The quick shifts in recent years of Boland's status—from woman poet, to feminist poet, to leading woman poet, to major poet—reflect the stresses and turmoil in the Irish literary world as it struggles to come to terms with its own unwinding history of prejudice. Because Boland's trajectory as a poet is both emblematic and symptomatic of resistance and change in the critical environment of Irish poetry itself over the past twenty-five years, this may be the time to offer a cursory account of her achievement to date. And, at a few key points, to take a look at the equally interesting reception of that achievement in Ireland.

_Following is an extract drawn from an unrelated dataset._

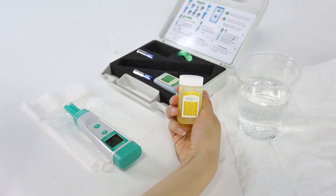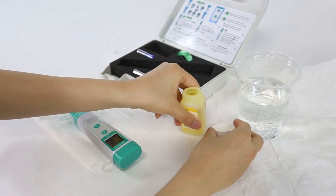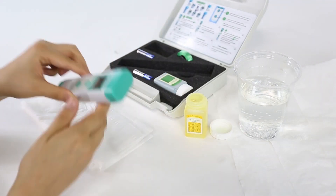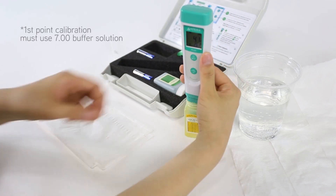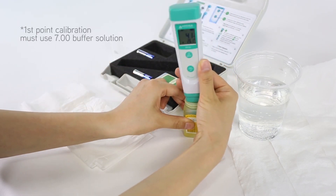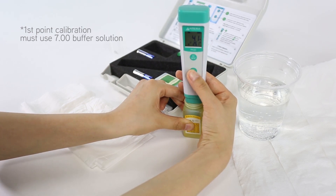For second point calibration, dip into 4.00 calibration solution and follow the same steps that you did in first point calibration. Please note that first point calibration must use 7.00 calibration solution.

Boland became a poet in the early sixties as one of an extraordinarily gifted generation of Irish poets (Heaney, Mahon, Longley, Kennelly), among whom there was considerable contact, camaraderie, and debate. They were, in the sense that structure and form seemed second nature to them even as young practitioners, the last generation of nineteenth-century poets. The impressive first books of Boland's colleagues set them firmly on a course to inherit what was, until quite recently, an almost exclusively male establishment, and guaranteed their leadership of the literary field in the seventies and eighties. Boland's career and her reputation as a poet took a quite different course.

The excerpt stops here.